Kore ile Türkiye arasında adeta bir kültür elçisi rolü üstlendiğini anlatan Eun, şunları kaydetti:

"Kore'ye gittiğimde arkadaşlara, 'Türkiye ölmeden önce mutlaka görmeniz gereken bir yer' tavsiyesinde bulunuyorum. Türkiye'ye ilk geldiğimiz yıllarda Korelilerin Türkiye hakkında çok bir fikri yoktu, sadece Kore Savaşı'nda Türkiye'nin verdiği desteği biliyorlardı. Türkiye'yi genelde Ortadoğu ülkesi olarak düşünüyorlardı. Bugün artık Türkiye hakkında çok daha fazla bilgiye sahipler, 2013'te düzenlenen İstanbul-Kore Kültür Expo'su Korelilerin Türkiye'yi tanımasına büyük katkı sağladı. Ayla filminin iki ülkenin birbirini daha iyi tanıması anlamında çok etkisi oldu. Kore'ye dönmek gibi bir planımız yok. Burada ailemle çok mutluyuz. İstanbul Üniversitesinde bir hoca olarak çalışmaya devam etmek istiyorum. Öğrencilerim Koreceyi hızlı bir şekilde öğreniyor. Onların Korece öğretmeni olduklarını görmek ve hep yanlarında olmak istiyorum. Korece öğrenen öğrenciler iki ülke arasında bir köprü rolü üstelenecek. İki ülkenin dostluğunun daha da gelişmesine katkı sunacak. Türkiye'nin tarihi ve kültürel zenginlikleri hakkında da bir kitap yazmak istiyorum. Kore ve Türkiye'nin çok eskiye dayanan köklü bir dostluğu var. "

- " Türk ve Kore mutfağını birleştiriyorum"

Eun, Türk ve Kore mutfağını birleştirip, füzyon bir mutfak oluşturduğunu aktararak. "Kuru fasulye yemeğini Kore'den getirdiğim özel bir sosla yapıyorum. Türk ev hanımlarının yaptığı gibi düdüklü tencerede, soğanla ve salçayla yapıyorum. Yani Kore ve Türk mutfağını harmanlıyorum. Sizin üzüm yaprağı ile yaptığınız sarmanın bir benzerini biz de susam yaprağı ile yapıyoruz. O yüzden yaprak sarmasını ailece çok seviyoruz ama yapması çok zahmetli olduğu için Türk arkadaşlarımı davet ediyorum birlikte sarıyoruz. Onlarla sohbet ederek dolma sarıyoruz. Kuru fasulye ve yaprak sarması en iyi yaptığım Türk yemekleri. Sabahları genelikle menemen yapıyorum, benim olmazsa olmazım menemen.
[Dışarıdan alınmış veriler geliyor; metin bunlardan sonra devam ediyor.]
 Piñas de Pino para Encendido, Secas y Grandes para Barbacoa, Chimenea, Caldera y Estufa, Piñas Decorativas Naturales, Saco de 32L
Ancak menemen kesinlikle soğanlı olmalı." ifadelerini kullandı.

Türkiye'de en çok sevdiği şehrin İznik olduğunu anlatan Eun, "Orada kocaman bir göl var, o gölü çok seviyoruz, eşimle karar verdik, emekli olduğumuzda oradan küçük bir ev alıp, yerleşeceğiz. Her sabah o göle bakarak uyanmak istiyoruz. İlk başta anne ve babalarımız 'Kore'ye dönün, yeter artık burada yaşayın' diye çok ısrar ettiler ama baktılar ki biz çok mutluyuz, vazgeçtiler." diye konuştu,

Klasik Türk Müziğini de sevdiğini aktaran Eun, "Geçsin Günler, Haftalar, Aylar" şarkısını da söyledi.